More than one person at the game assured their Twitter followers they were NOT doing the wave, while others expressed a severe attack of cultural cringe. Like this guy:
Being a bit of a dag, particularly in matters sport, it was news to me that the wave had fallen out of fashion. So before this groundswell becomes a wholesale backlash, here’s seven reasons to rave about the wave.
1. It’s got history
The wave has done the rounds at sporting grounds around the globe for more than 30 years. While an odd assortment of people take credit for inventing it in the 70s and 80s, from Canadians to Ronald Reagan fans to a bloke called Krazy George Henderson, it was at the 1986 football World Cup in Mexico that a global audience first clapped eyes on it.
You can’t just chuck out that kind of history overnight.
2. It’s a team sport
Like Tom Hanks shouting ‘Look what I have created” after making fire in Castaway, there is something deeply satisfying about watching a wave you have helped build wend its way around a stadium. It bonds a crowd, it transcends team allegiances, it’s the way to world peace.
3. Cool people do it
4. Mexico is so hot right now
Have you seen the recent proliferation of Mexican restaurants? Noticed more of your mates have been going to Acapulco? Witnessed the growing interest in the Mexican economy? Seen how many celebrities holiday at Cancun? Now is not the time to be jumping off the Mexico bandwagon.
5. Banning it doesn’t work, does it SCG?
A few years ago, the Texas Rangers baseball team banned the wave, claiming it distracted the players at inopportune times and was akin to “giving the middle finger to the guys on the field”. They went so far as to telling kids they’d be sold to the circus for doing the wave. You think I’m joking.

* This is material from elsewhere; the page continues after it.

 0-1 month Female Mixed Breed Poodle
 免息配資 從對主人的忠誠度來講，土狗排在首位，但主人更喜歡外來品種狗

The ban only made the wave stronger, a psychology professor observing that it triggered people’s ‘sense of obstinacy’. The SCG can probably vouch for that.
6. It’s bigger than we are
The wave is not just a collection of yobbos chucking beer dregs and half-eaten chicken wings in the air. It has profound links to the world of science and the animal kingdom.
For instance, the Mexican wave generally goes in a clockwise direction in the northern hemisphere and anti-clockwise in the southern, the opposite of cyclones and hurricanes. Something to do with the Coriolis effect. Or not. Isn’t that cool?
As for parallels with the animal kingdom, check out these prairie dogs.
7. We can’t let the Members off the hook now
Now we’ve got the Members off their pampered butts, we need to keep putting them to the test. Repeatedly. OK, so they participated at a sports event that means nothing Down Under. Will they rise to the challenge at the next cricket Test?